### Your goal
Retype the records below exactly as they stand, but with no images.

### Data extract
┌──
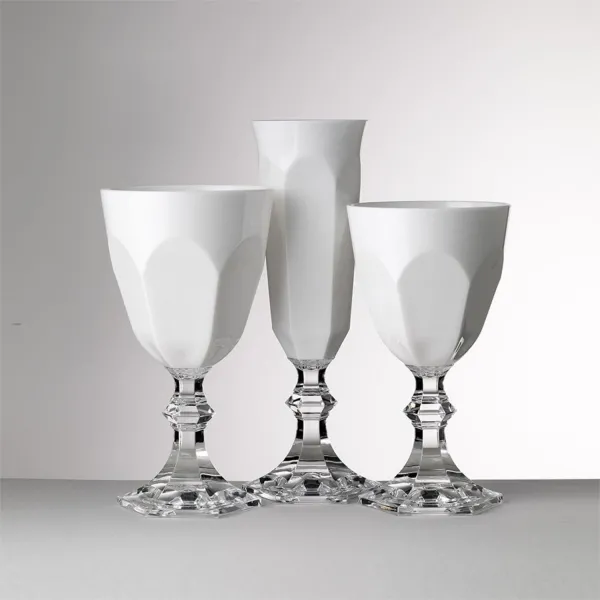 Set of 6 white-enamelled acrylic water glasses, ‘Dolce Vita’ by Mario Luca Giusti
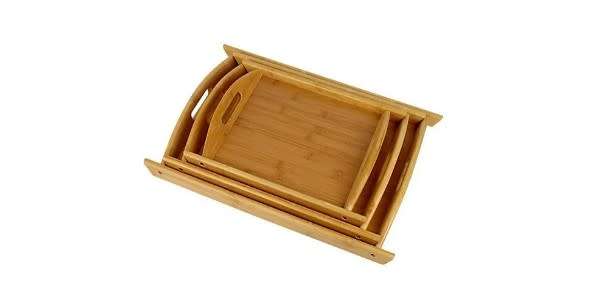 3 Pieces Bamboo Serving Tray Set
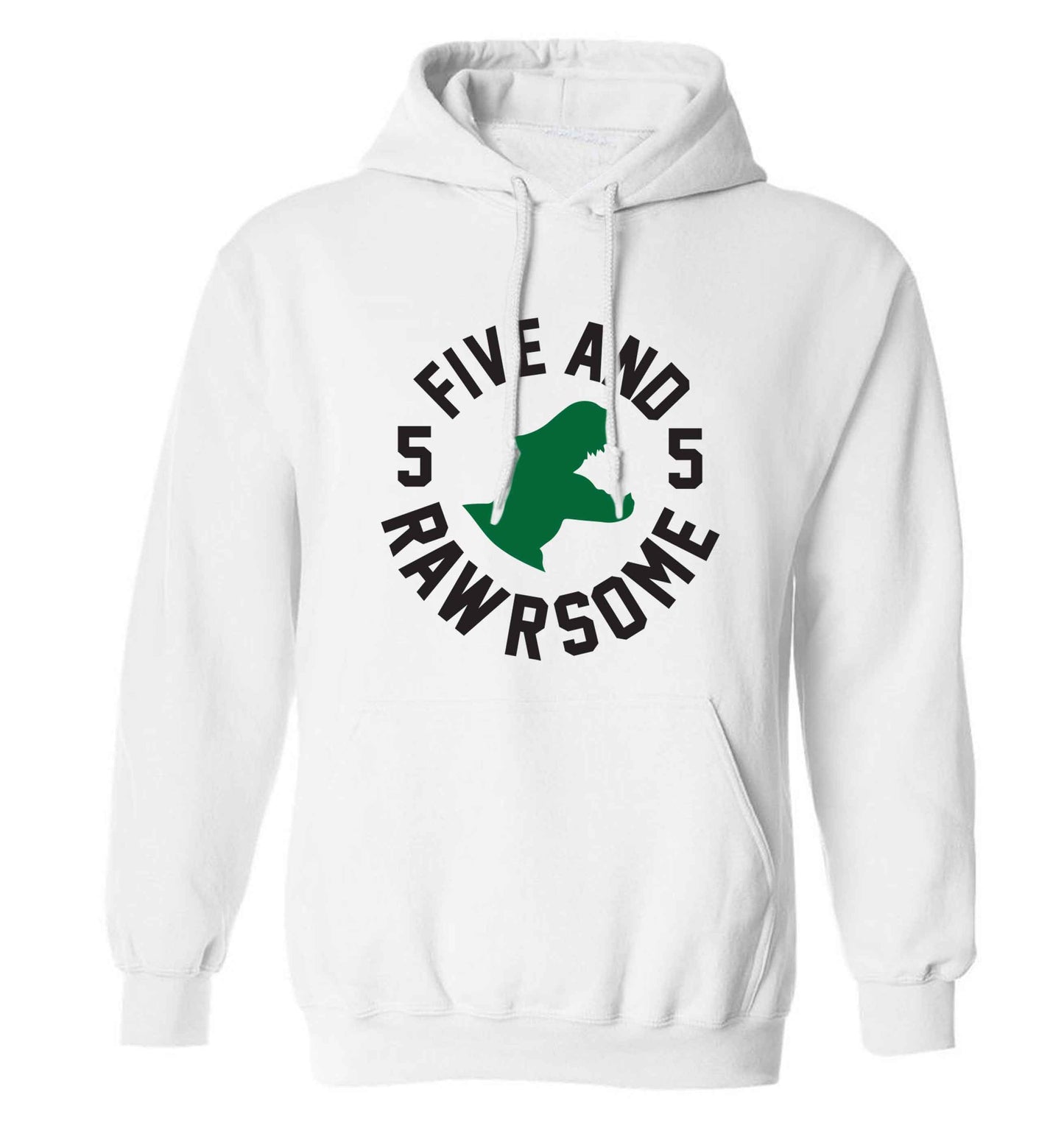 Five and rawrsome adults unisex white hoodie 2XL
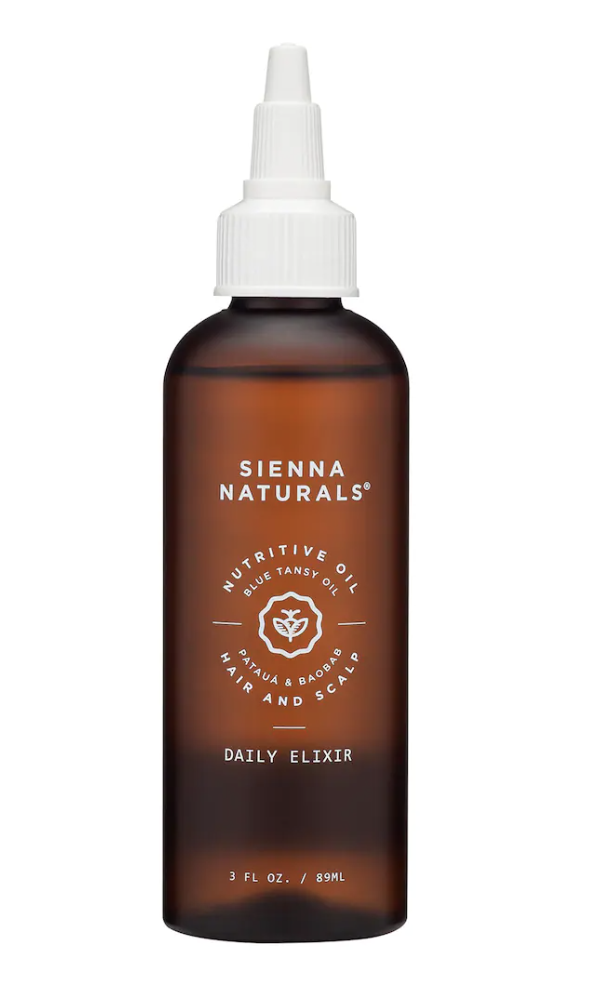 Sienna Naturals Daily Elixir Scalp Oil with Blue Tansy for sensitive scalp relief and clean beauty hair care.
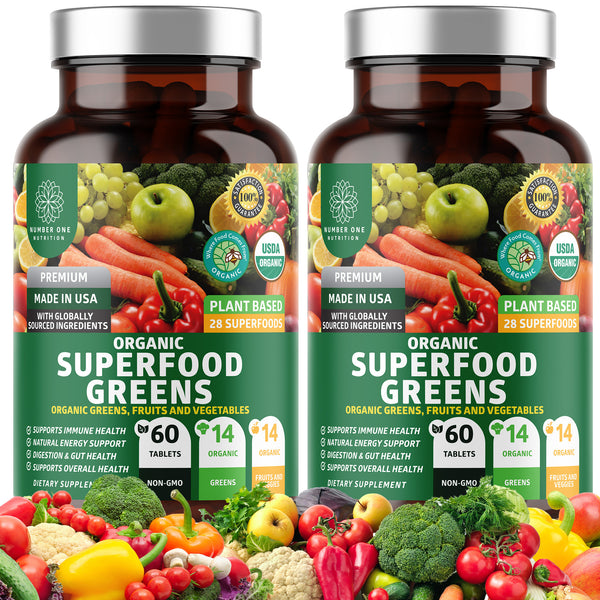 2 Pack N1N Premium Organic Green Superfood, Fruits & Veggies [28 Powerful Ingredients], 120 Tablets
└──
### Answer space
 Set of 6 white-enamelled acrylic water glasses, ‘Dolce Vita’ by Mario Luca Giusti
 3 Pieces Bamboo Serving Tray Set
 Five and rawrsome adults unisex white hoodie 2XL
 Sienna Naturals Daily Elixir Scalp Oil with Blue Tansy for sensitive scalp relief and clean beauty hair care.
 2 Pack N1N Premium Organic Green Superfood, Fruits & Veggies [28 Powerful Ingredients], 120 Tablets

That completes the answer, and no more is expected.